L'EBA propose d'harmoniser la définition des créances douteuses. La BCE dévoilera demain sa méthode

L'EBA propose d'harmoniser la définition des créances douteuses. Photo: Elisabeth Blanchet

L’Europe rentre dans le vif du sujet en matière d’examen des bilans bancaires. Alors que la BCE doit dévoiler demain les critères de l’AQR (asset quality review) à laquelle elle soumettra les quelque 130 banques dont les actifs dépassent 30 milliards d’euros ou 20% du PIB de leur pays d’origine, l’Autorité bancaire européenne a tiré hier la première salve. L’EBA propose une définition commune des créances douteuses, une étape essentielle à la mise en place d’une supervision bancaire unique dans l’Union européenne hors Royaume-Uni.

La définition des prêts à problème diffère encore d’un pays à l’autre, ce qui brouille les comparaisons et alimente la défiance des investisseurs à l’égard du secteur bancaire européen. La Banque d’Italie, par exemple, est notoirement plus stricte en matière de classification des créances en prêts non performants, raison pour laquelle les prêteurs italiens affichent un taux d’encours douteux supérieur à celui de leurs concurrents européens et un taux de provisionnement inférieur. Le premier passerait de 15% à 10% et le second de 41% à 47% si les méthodes étaient harmonisées, selon des calculs de Deutsche Bank réalisés sur les comptes à fin 2012.

L’EBA propose des définitions pour les expositions non performantes et pour la pratique des moratoires (forbearance), dont certaines banques abusent comme un moyen de camoufler la détérioration de leurs actifs. Elles s’appliqueront à tous les prêts et titres de dette au bilan des banques, à l’exclusion de ceux détenus à des fins de trading.

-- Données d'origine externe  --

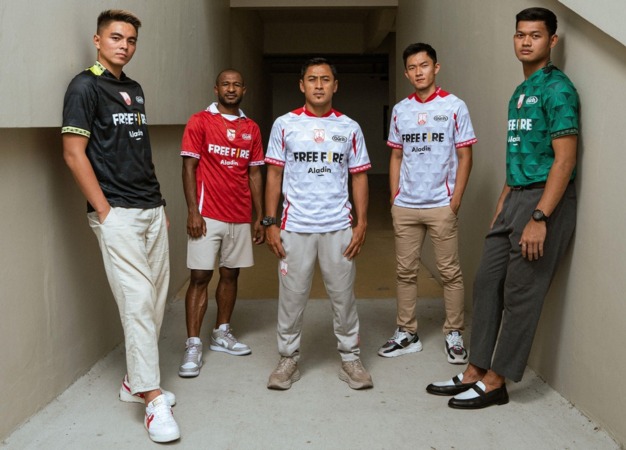 ELEGAN: Lima pemain Persis Solo Gianluca Pandeynuwu, Andri Ibo, Samsul Arif, Sutanto Tan dan M. Riyandi memamerkan jersey baru Persis di Liga 1 2022/2023. (PERSIS SOLO OFFICIAL)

Les encours seront classés dans la catégorie non performante dès lors qu’ils présentent un impayé de plus de 90 jours ou que la banque estime le débiteur dans l’incapacité de rembourser ses obligations sans mise en œuvre de garanties. L’autorité présente aussi des critères détaillés afin de qualifier les créances ayant fait l’objet de forbearance.

Ces propositions prennent la forme d’une recommandation adressée à la fois à la BCE, dans le cadre des travaux sur la supervision unique, et aux régulateurs nationaux. Ceux-ci devront mener leur propre examen de la qualité des actifs bancaires avant le 31 octobre 2014. Ils devront en transmettre les résultats préliminaires à l’EBA, qui s’appuiera dessus pour ses propres tests de résistance.

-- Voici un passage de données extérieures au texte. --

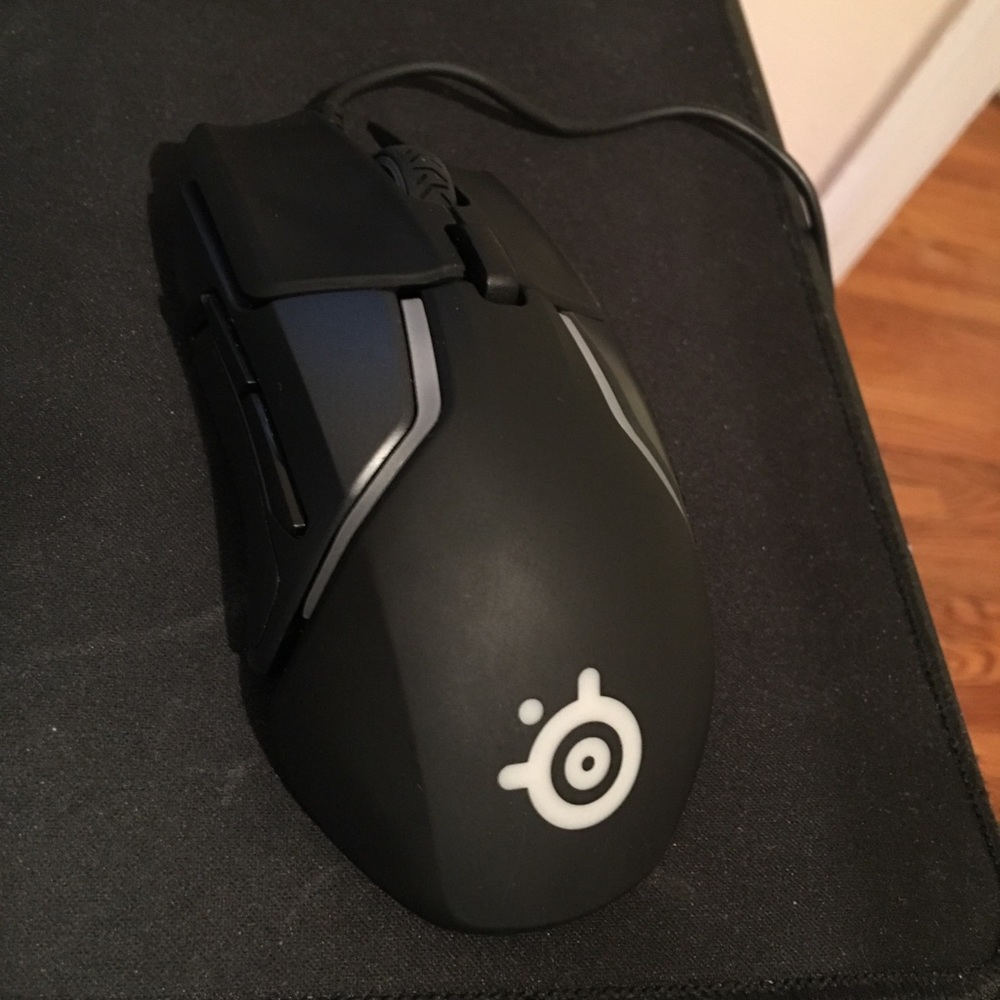 Steelseries rival 600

L’examen de la qualité des actifs bancaires que doit mener la BCE au premier semestre 2014 est considéré par les investisseurs comme la dernière chance de dissiper les doutes entourant le secteur bancaire européen, après les ratages des deux stress tests de l’EBA en 2010 et 2011. «Nous nous attendons à ce que l'AQR mette en lumière certains problèmes, mais avec un résultat globalement gérable», soulignaient les analystes actions de Deutsche Bank en septembre. Ceux-ci estiment à 39 milliards d’euros les besoins de provisionnement supplémentaires sur l’univers des 28 banques européennes cotées qu’ils suivent. La Banque centrale européenne s’est attaché les services d’Oliver Wyman pour passer au crible les segments jugés les plus problématiques, comme les prêts aux PME, le financement maritime (shipping) ou les portefeuilles d’immobilier commercial.

Lors du sommet européen prévu les 24 et 25 octobre, Mario Draghi, le président de la BCE, présentera aussi sa démarche aux chefs d’Etat et de gouvernement. Ceux-ci doivent encore s’entendre sur le financement du coût de la remise à flot des banques, autre volet indispensable à la crédibilité de l’exercice.